In this day of wide dissemination of thoughts and messages through transmissions which are vulnerable to interception and readable by unintended parties, armed with software, spyware, viruses and cookies spreading capacity; the concept of internet privacy is a fallacy upon which no one should rely.

It is today's reality that a reasonable expectation of internet privacy is lost, upon your affirmative keystroke.
Compound that reality with an employee's use of his or her employer's computer for the transmittal of non-business related messages, and the technological reality meets the legal roadway, which equals the exit of any reasonable expectation of, or right to, privacy in such communications.

I don't like the end result of the case, but the reasoning behind it is an abomination which should be stricken from the face of history. If anything that you type into a computer is considered to not be private (i.e., "a reasonable expectation of internet privacy is lost, upon your affirmative keystroke"), then everything I do, including work done for clients that I have asserted is covered by attorney-client privilege, is potentially public and could be considered fair game for anyone who wants to request it in litigation. This would be a complete surprise for me, and, I'm guessing every other practicing lawyer in the country.

In any case, I expect that the reasoning behind People v. Klapper is unlikely to be considered persuasive in many cases going forward. However, the fact that it appeared in even one case serves as a reminder that, when it comes to information privacy law, relying on even the most basic principles can be a dicey proposition.


Sunday, May 2, 2010

Limiting Information Sharing Based on Context

In this article, Computer World describes an argument made by Microsoft research Danah Boyd that social networks should consider the context in which information is provided, and not re-use the information outside of that context. The argument, to the extent it can be distilled down to one paragraph is as follows:

"You're out joking around with friends and all of a sudden you're being used to advertise something that had nothing to do with what you were joking about with your friends," Boyd said. People don't hold conversations on Facebook for marketing purposes, she said, so it would be incorrect for marketing efforts to capitalize on these conversations.

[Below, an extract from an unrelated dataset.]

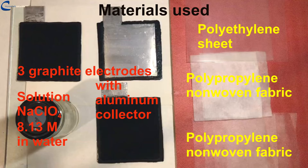Materials used for the construction of the supercapacitor: three graphite electrodes with aluminum collector — the preparation technique is described in my previous video on electrodes for supercapacitors — sodium perchlorate solution 8.13 molar in water, two sheets of polyethylene, two thin sheets of polypropylene nonwoven fabric, and two thick sheets of polypropylene nonwoven fabric.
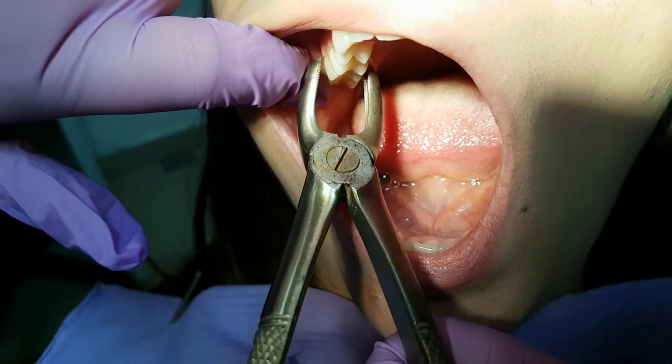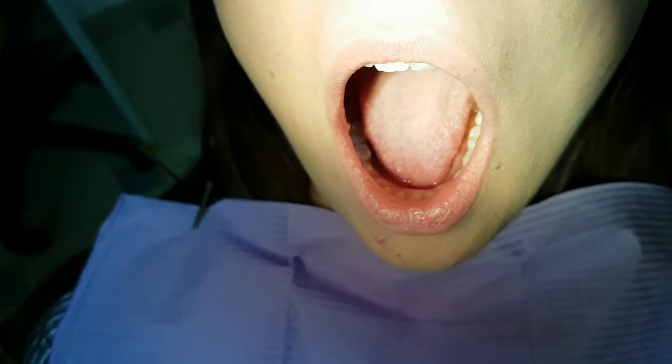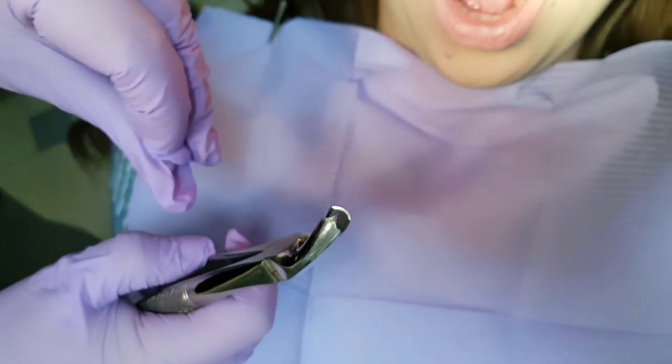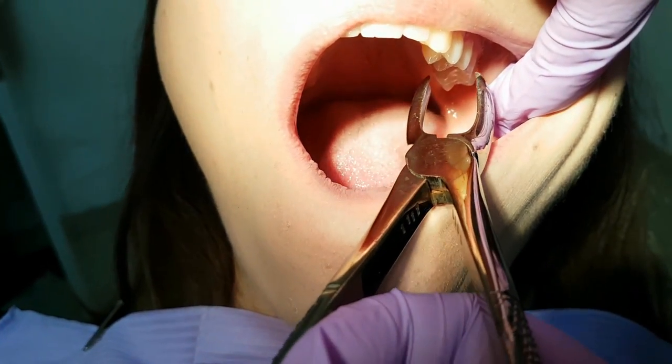This is how it looks in the patient's mouth. From the placement of the thorn we can see if the forcep we work with is left or right.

In the article, this concept was described as "relatively new." I'm not sure that that's correct. After all article 6 of the EU Data Privacy Directive provides that

1. Member States shall provide that personal data must be:
(a) processed fairly and lawfully;
(b) collected for specified, explicit and legitimate purposes and not further processed in a way incompatible with those purposes. Further processing of data for historical, statistical or scientific purposes shall not be considered as incompatible provided that Member States provide appropriate safeguards;
(c) adequate, relevant and not excessive in relation to the purposes for which they are collected and/or further processed;
(d) accurate and, where necessary, kept up to date; every reasonable step must be taken to ensure that data which are inaccurate or incomplete, having regard to the purposes for which they were collected or for which they are further processed, are erased or rectified;
(e) kept in a form which permits identification of data subjects for no longer than is necessary for the purposes for which the data were collected or for which they are further processed. Member States shall lay down appropriate safeguards for personal data stored for longer periods for historical, statistical or scientific use.

which appears to be analogous to the concept of recognizing the context in which data is provided when deciding how that data should be used.

Of course, the question of whether an idea is a new one is entirely different from the question of whether the idea is a good one. However, recognizing the similarity between the proposed context limitations on social networks and the EU's data privacy directive can certainly be beneficial in evaluating the merits of the new idea. Specifically, the criticisms of the EU directive (e.g., here) can be examined to see if they also apply to the specific context based limitations, and if context based limitations can somehow be implemented in a way that addresses those criticisms.